I have a customer with 15 millions files hosted to a FAS3240. We want to backup theses files to a FAS2040. Do you recommend to split the files in different qtrees and start the backup streams in parallel in order to get better performance ? or do you recommend to let all files in the same qtree ?

If I understand Snapvault well, for each backup we have to parse the file system to find the modified files in order to identify the blocks to send. So the number of files inside the Qtree could be a problem.

Thank you for your help.

Best regards,

nd

Re: Snapvault Performance

Hi,

Instinctively I would rather use multiple qtrees - however I am not sure whether it will help with anything .

During SnapVault update you have to parse through these 15 millions of files regardless whether it is a single, or multiple streams, so it will consume a lot of CPU cycles anyway.

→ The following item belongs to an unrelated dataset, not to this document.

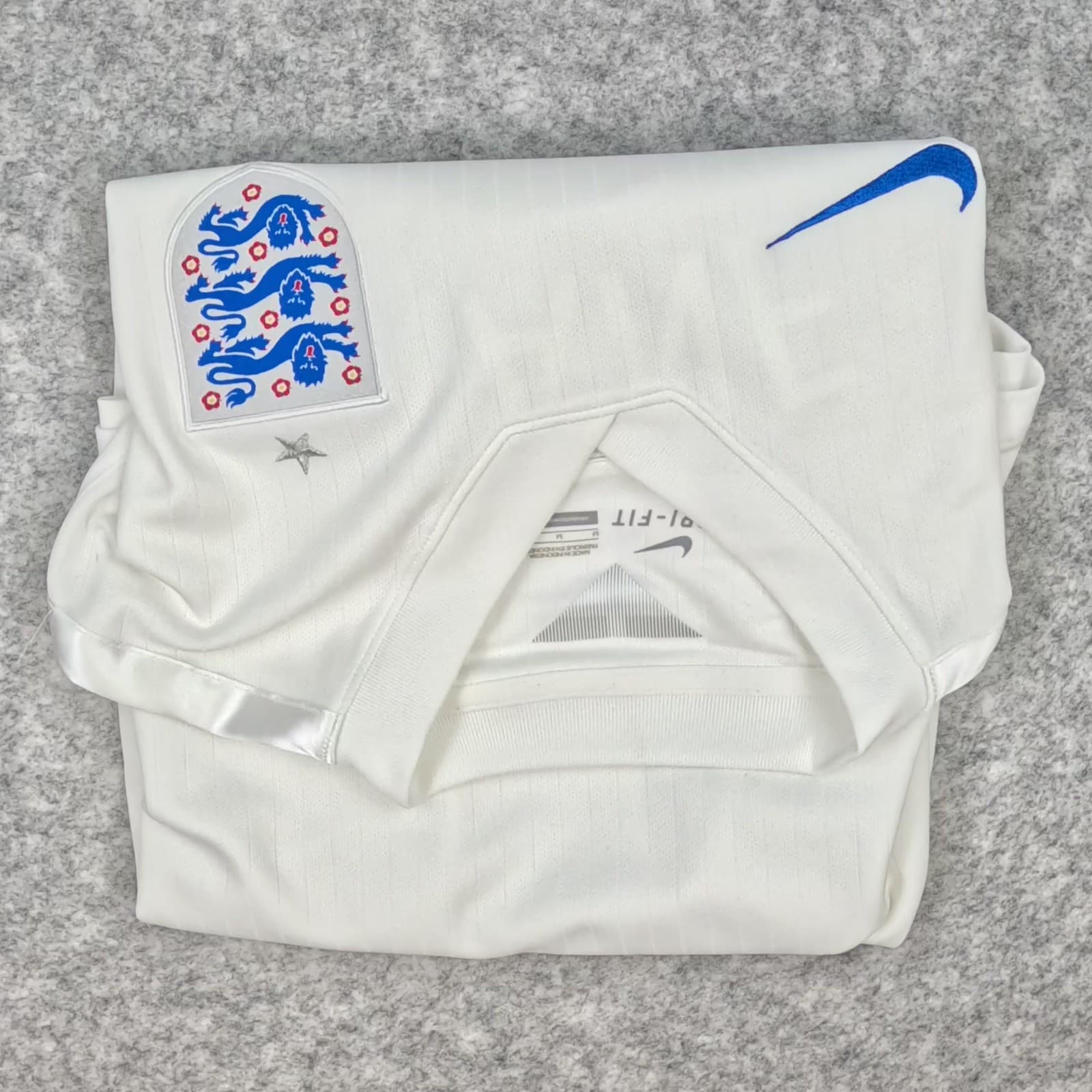England Football Shirt Medium White Home 2014 2015 Nike Harry Kane 9 Jersey photo 5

If you can split the data and then stage different qtrees updates - that would definitely help.

Regards,

Radek

Re: Snapvault Performance

Just curious, doesn't Snapvault use volume level (block level) snapshots to perform backups?  Does it even iterate files per se?  I'm not an NFS guy so perhaps that works differently.  I'd like to correct my understanding on this if I'm not correct, thanks!

Re: Snapvault Performance

SnapVault transfer block level changes, indeed - but it first parses the file system to check which files have changed since the last update.

http://www.netapp.com/us/library/technical-reports/tr-3487.html, Chapter 6.10:

For this example, suppose that you have two data sets, both 10GB in size. The first data set, dataset1, has approximately a million small files, and the second data set, dataset2, has five files, all 2GB in size. During the baseline transfer, dataset1 requires more CPU usage on the primary or requires a longer transfer time than dataset2.

Regards,
Radek

Re: Snapvault Performance

Okay, that makes sense, but where this leads me to is what does the ONTAP OS consider a file?  In my environment, we're all FCP, so the only "file" I think ONTAP sees is the LUN file (not the NTFS files within the LUN).  So this really doesn't apply in FCP LUN cases.  Am I correct in your understanding? 

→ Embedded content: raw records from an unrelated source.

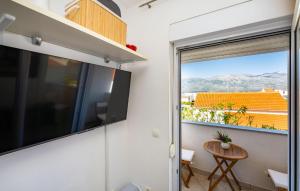 Awesome Apartment In Razanac With Wifi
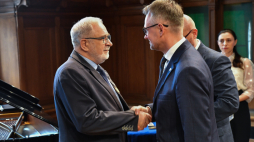 Dyrektor IPN Gdańsk Marek Szymaniak (P) i odznaczony Andrzej Adamczyk (L) podczas uroczystości wręczenia Medali Reipublicae Memoriae Meritum. Fot. PAP/A. Jackowski
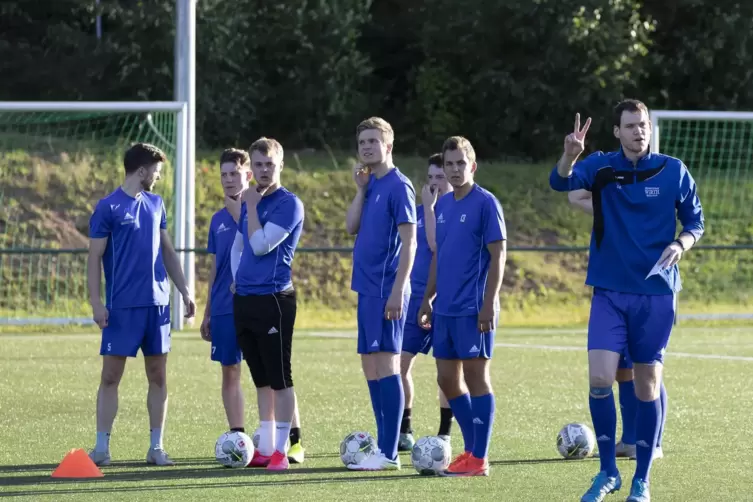 Training in Hohenecken. Bernd Hassenfratz zeigt an, was zu tunist.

The poster above, I think we can assume, is using NFS, so ONTAP sees each individual file hosted in his QTrees.  So in his case performance on the primary is a concern.  However, he didn't say for certain (he may be FCP). 

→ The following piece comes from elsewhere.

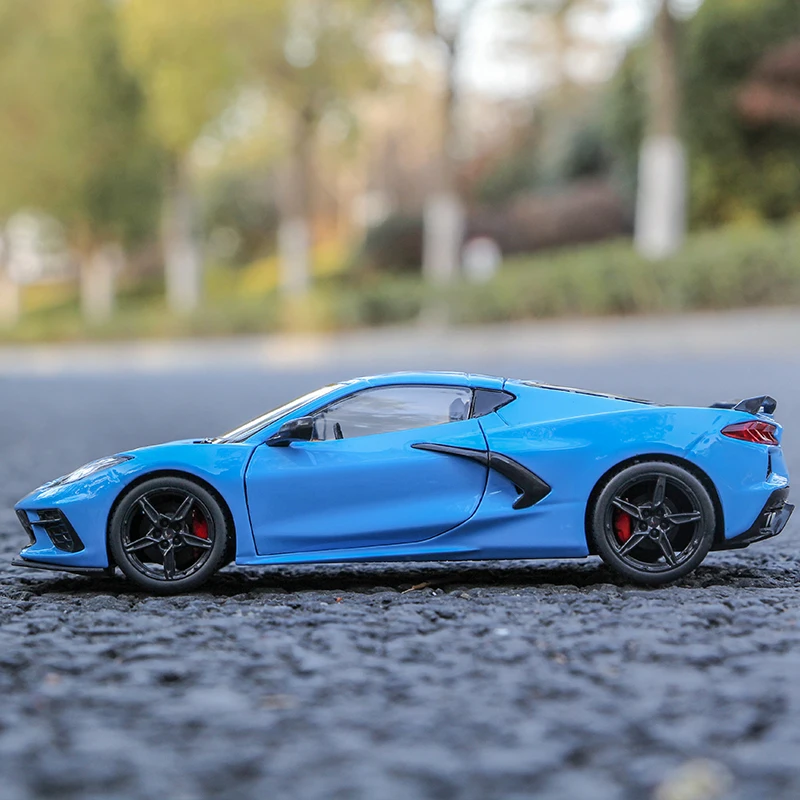 Maisto 1:24 2020 Corvette Stingray Coupe Alloy Car Model Supercar Die Cast Vehicles Toys Diecast Voiture Gift Collection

I think your initial answer is correct, but I'm taking this opportunity to make sure I have my facts on this correct, so I appreciate your responses. 

Re: Snapvault Performance

Yes, this is correct - LUN is just a single file from ONTAP (& SnapVault) perspective.

Re: Snapvault Performance

For best snapvault performance you should split the data in volumes instead of qtrees. What I have seen in the past is that even for an empty qtree in a volume with a lot of files in other qtrees, the snapvault transfer will take a relative long time and you will see a considerable amount of transferred KB's in the snapvault status -l output.

Re: Snapvault Performance

That's interesting observation - maybe someone from NetApp can give us more insight into why it is happening?

If splitting data into volumes is beneficial, indeed, then this info should be highlighted in SnapVault best practices TR.

Re: Snapvault Performance

Thank you for you answers.

I will try to make some tests.

A friend tells me that on his production platfom, with 8 millions files in one volume hosted to a FAS3140, the snapvault backup update takes 24 hours to complete.

In a block environment , iSCSI or FCP, in general, you have max few hundreds of LUNs per controller. So no problem with Snapvault. The performance challenge with Snapvault is for HFC ( High File Count) environment.

Thanks.

Re: Snapvault Performance

I can confirm that it takes a long time when transfering a lot of small files.

We have a volume which stores more than 40 millions files. Although the files are spread across 50 qtree's, the snapvault-job takes up to 24 hours to complete.

In our environment, where we have a "Primary > Mirror > Backup" relationship, this is a big problem, as the snapmirror jobs have to wait until the backup's finished.

I'm currently planning to use a different method to backup this volume.